▸ **Provided records**:
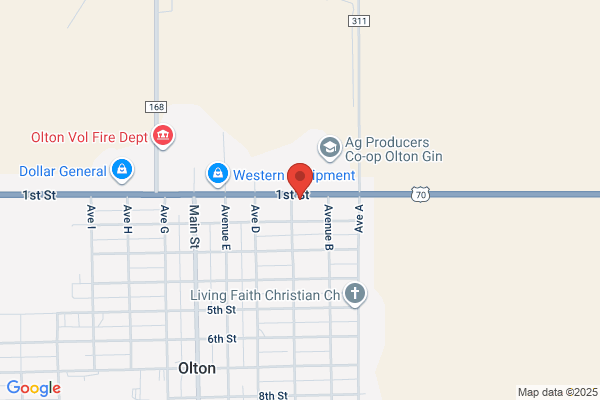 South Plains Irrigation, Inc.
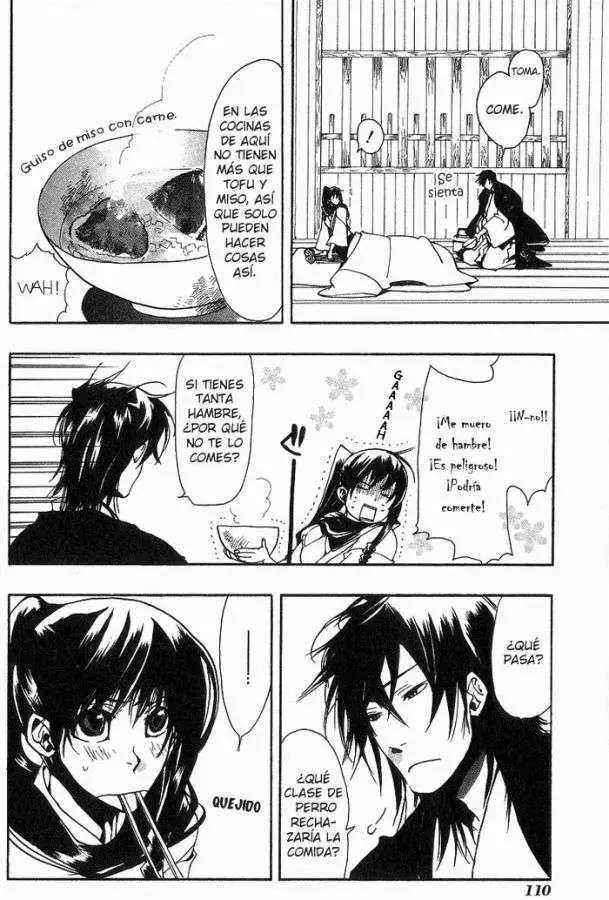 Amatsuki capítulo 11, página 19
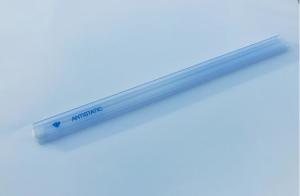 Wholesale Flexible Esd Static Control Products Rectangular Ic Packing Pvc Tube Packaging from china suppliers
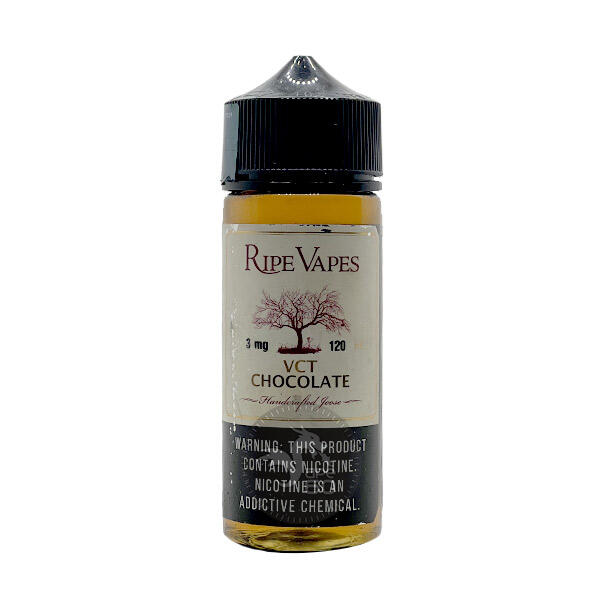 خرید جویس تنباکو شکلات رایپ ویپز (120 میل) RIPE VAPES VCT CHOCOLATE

--

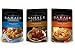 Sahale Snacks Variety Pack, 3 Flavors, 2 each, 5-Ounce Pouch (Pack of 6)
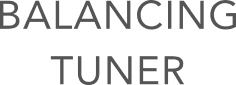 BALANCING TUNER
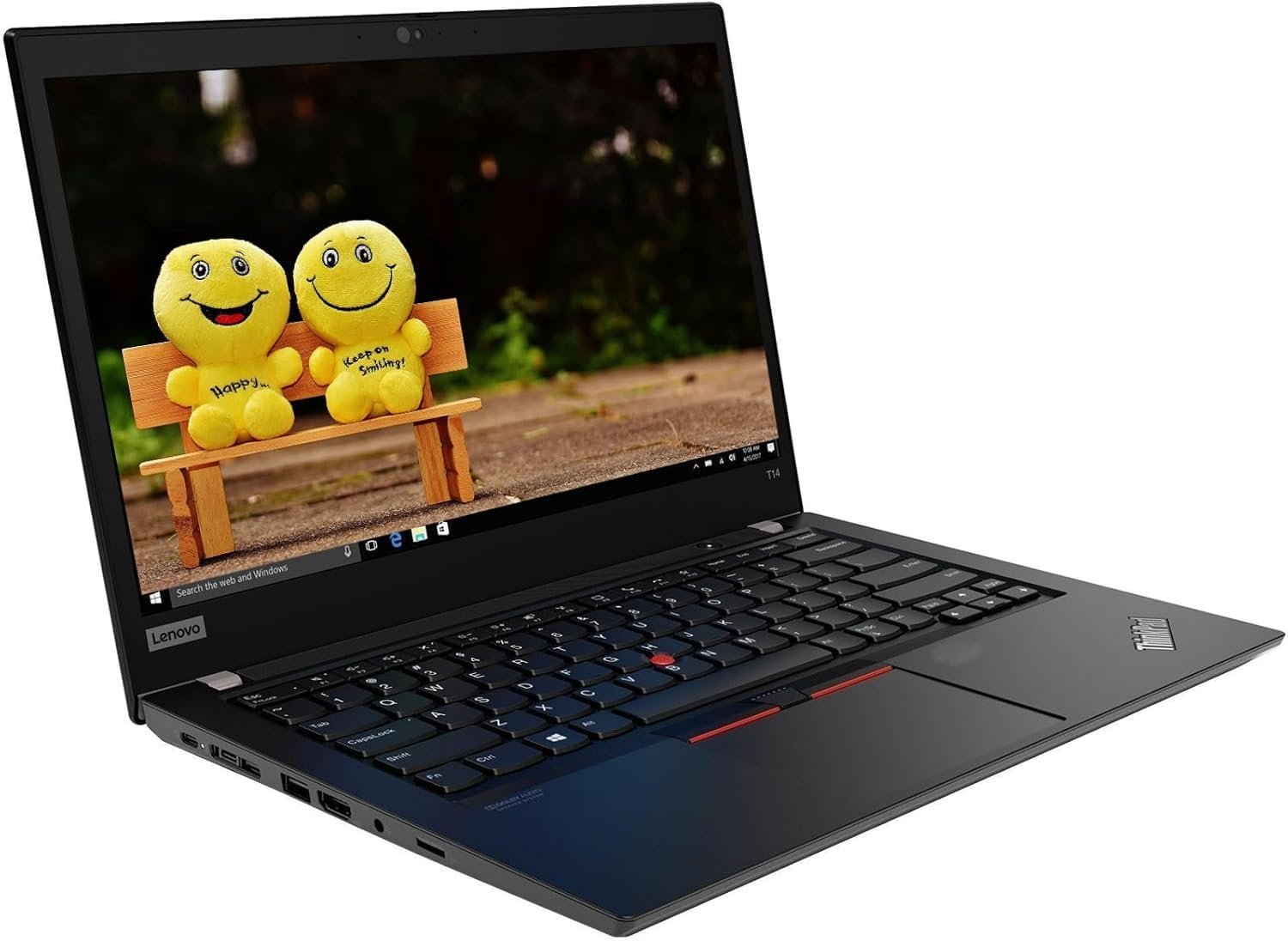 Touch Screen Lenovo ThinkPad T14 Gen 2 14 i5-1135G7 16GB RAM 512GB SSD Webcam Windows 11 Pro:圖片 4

==

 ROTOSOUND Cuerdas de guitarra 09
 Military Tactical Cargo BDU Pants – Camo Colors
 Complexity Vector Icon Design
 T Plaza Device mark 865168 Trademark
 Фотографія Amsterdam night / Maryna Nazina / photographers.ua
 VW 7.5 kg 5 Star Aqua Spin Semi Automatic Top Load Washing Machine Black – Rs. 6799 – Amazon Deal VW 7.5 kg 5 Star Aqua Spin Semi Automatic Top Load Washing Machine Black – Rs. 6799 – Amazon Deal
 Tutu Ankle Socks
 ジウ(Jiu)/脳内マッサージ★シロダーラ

▸ **Task directions**: When you reach the line with "T Plaza Device mark 865168 Trademark" in the records above, start writing out lines exactly, and stop once the line with "ジウ(Jiu)/脳内マッサージ★シロダーラ" has been written; include nothing else.

▸ **Output of the task**:
 T Plaza Device mark 865168 Trademark
 Фотографія Amsterdam night / Maryna Nazina / photographers.ua
 VW 7.5 kg 5 Star Aqua Spin Semi Automatic Top Load Washing Machine Black – Rs. 6799 – Amazon Deal VW 7.5 kg 5 Star Aqua Spin Semi Automatic Top Load Washing Machine Black – Rs. 6799 – Amazon Deal
 Tutu Ankle Socks
 ジウ(Jiu)/脳内マッサージ★シロダーラ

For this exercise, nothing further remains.